Dataset entries:
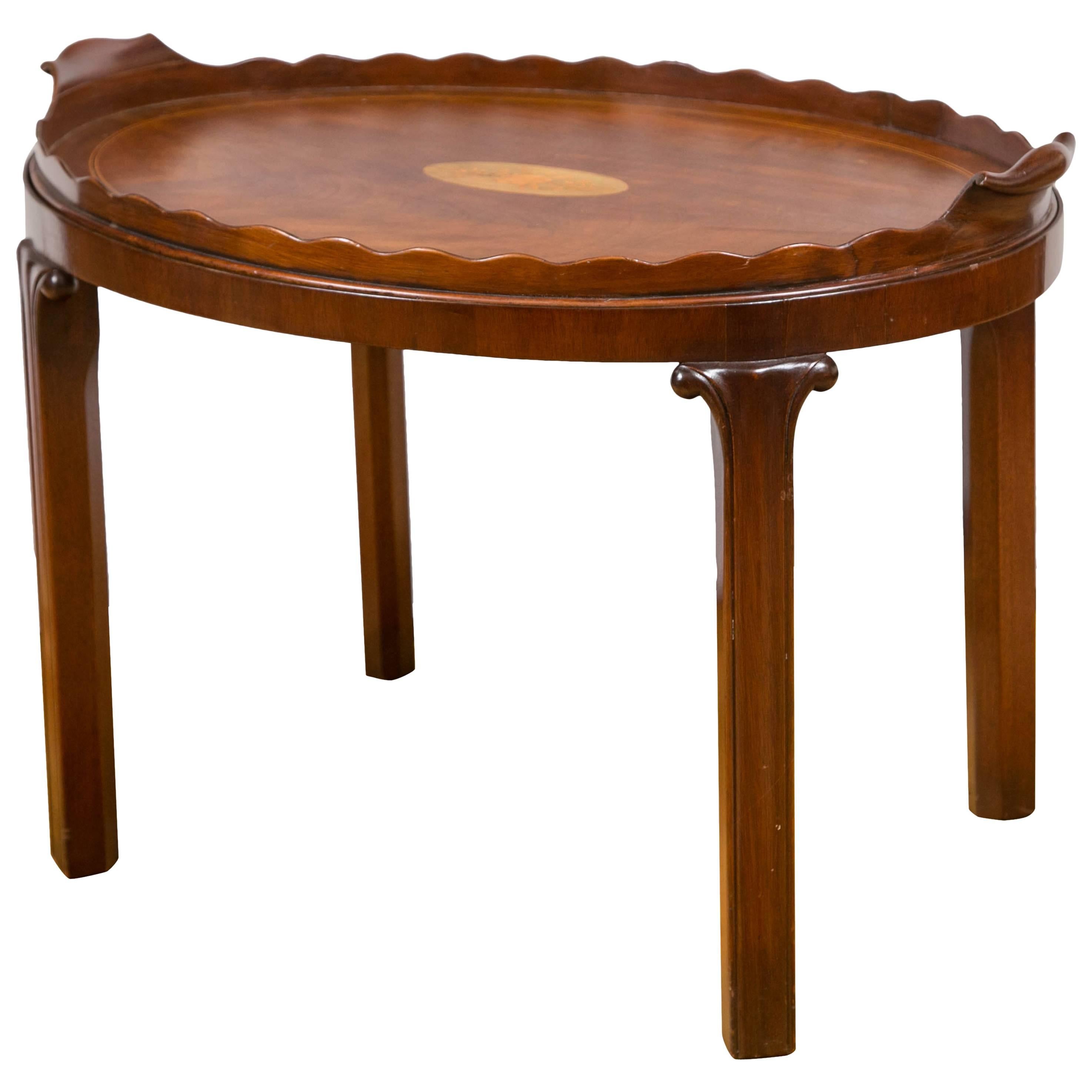 Victorian Mahogany and Marquetry Oval Tray Table For Sale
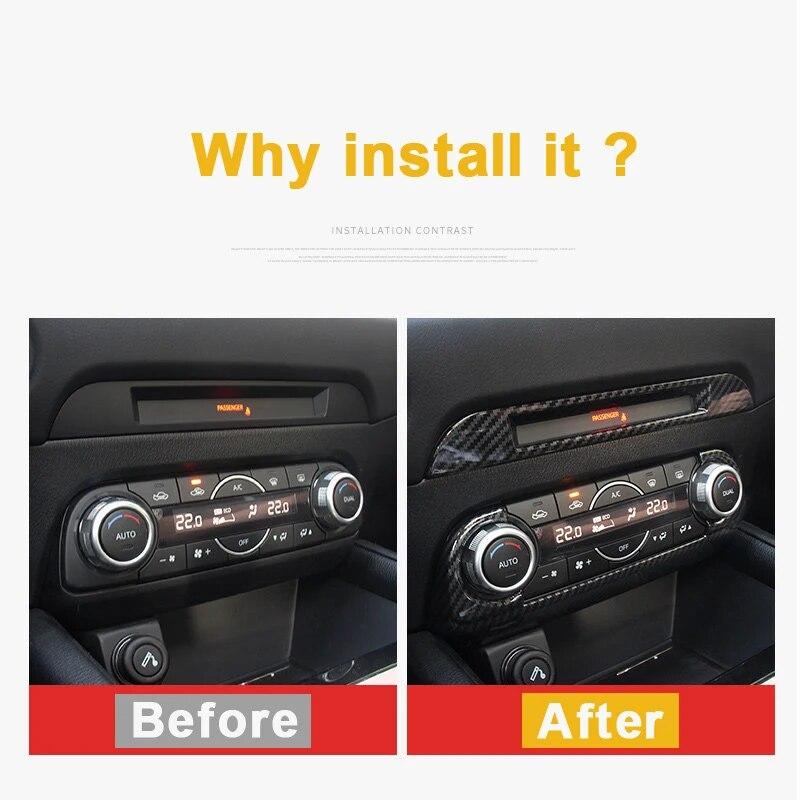 For Mazda CX-5 CX5 2017 2018 Accessories Car Middle CD Console Dashboard Trim Sticker Frame Cover Interior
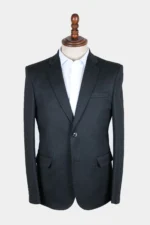 Black Textured Formal Coat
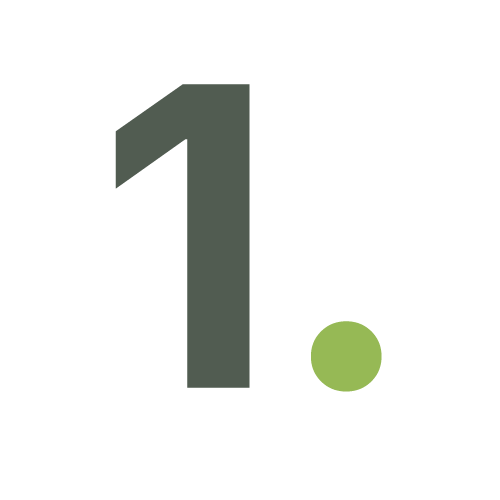 A large dark green number "1" with a small lime green dot on a light gray background, conveying a minimalist, modern design aesthetic.
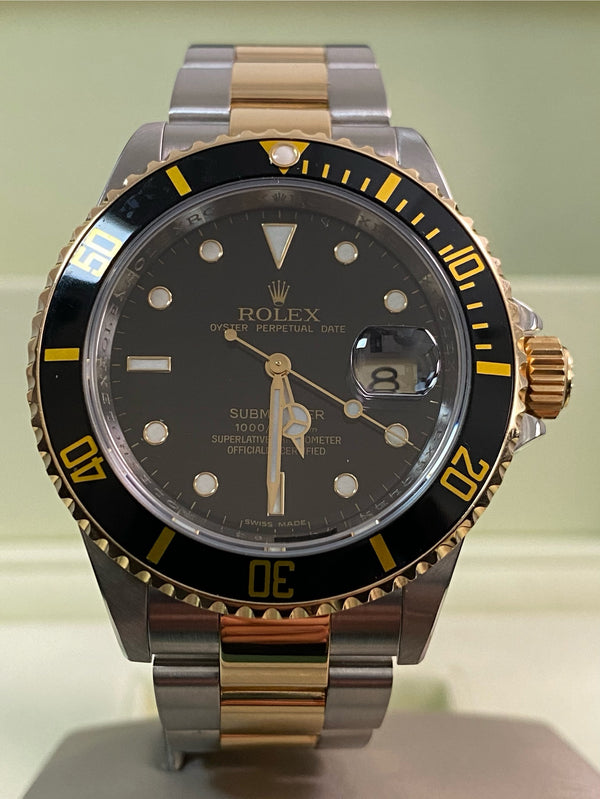 Rolex Steel & Yellow Gold Submariner Date - M serial - Pre-Ceramic Bezel - Black Dial - 16613LN *FULL SET*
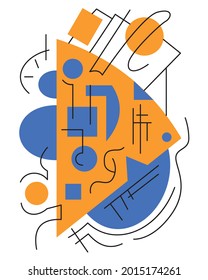 Abstract line art design. Black lines and blue and orange geometric shapes like circles, triangles, and rectangles. Everything on a white background.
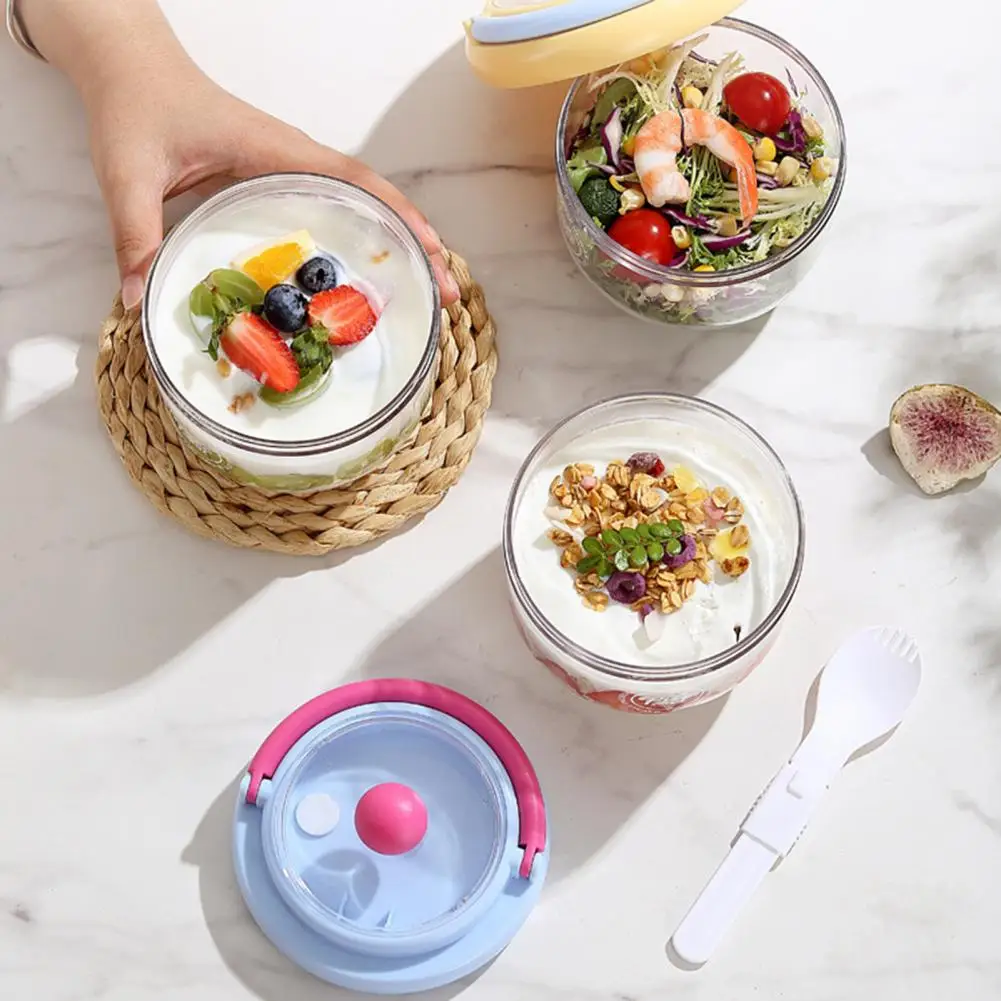 Breakfast Cups Oatmeal Cereal Nut Yogurt Salad Cup Container Set Fruit Milk Cup Lunch Box Food Storage Bento Box Kitchen Supplie
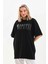 Unisex Taş Desenli Oversize T-Shirt - Siyah 7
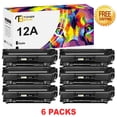 thumbnail image 1 of Toner Bank Compatible 12A Toner for HP 12A Q2612A 1020 LaserJet 1010 1012 1020 1022 3015 3055 M1005MFP M1319MFP Printer Replacement (Black, 6 Packs), 1 of 9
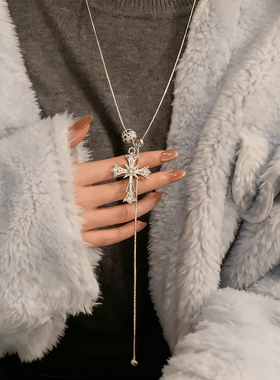 闪锆十字架斑点石吊坠可抽拉项链女小众设计毛衣链高级感颈链配饰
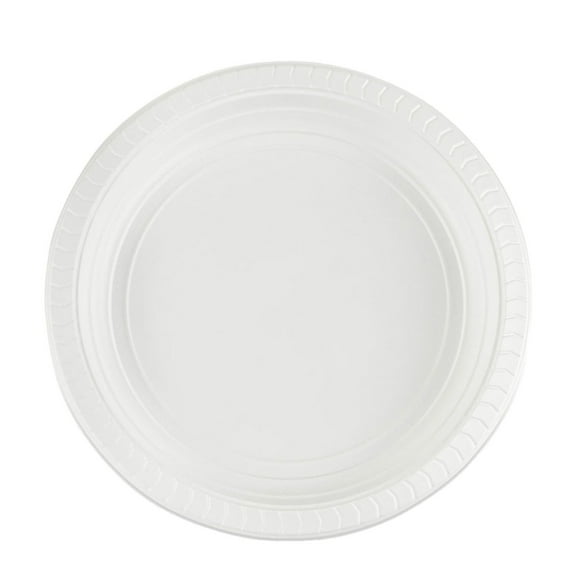 EcoQuality 6" inch Disposable Round White Plastic Serving Plates, China Like Party Plates, Heavy Duty Dinner Serving Plate, Platter, Weddings, Baby Showers, Catering, Non Toxic (10)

Directions:
Please output the entire listing above verbatim and omit its images.

Task response:
 Victorian Mahogany and Marquetry Oval Tray Table For Sale
 For Mazda CX-5 CX5 2017 2018 Accessories Car Middle CD Console Dashboard Trim Sticker Frame Cover Interior
 Black Textured Formal Coat
 A large dark green number "1" with a small lime green dot on a light gray background, conveying a minimalist, modern design aesthetic.
 Rolex Steel & Yellow Gold Submariner Date - M serial - Pre-Ceramic Bezel - Black Dial - 16613LN *FULL SET*
 Abstract line art design. Black lines and blue and orange geometric shapes like circles, triangles, and rectangles. Everything on a white background.
 Breakfast Cups Oatmeal Cereal Nut Yogurt Salad Cup Container Set Fruit Milk Cup Lunch Box Food Storage Bento Box Kitchen Supplie
 Unisex Taş Desenli Oversize T-Shirt - Siyah 7
 thumbnail image 1 of Toner Bank Compatible 12A Toner for HP 12A Q2612A 1020 LaserJet 1010 1012 1020 1022 3015 3055 M1005MFP M1319MFP Printer Replacement (Black, 6 Packs), 1 of 9
 闪锆十字架斑点石吊坠可抽拉项链女小众设计毛衣链高级感颈链配饰
 EcoQuality 6" inch Disposable Round White Plastic Serving Plates, China Like Party Plates, Heavy Duty Dinner Serving Plate, Platter, Weddings, Baby Showers, Catering, Non Toxic (10)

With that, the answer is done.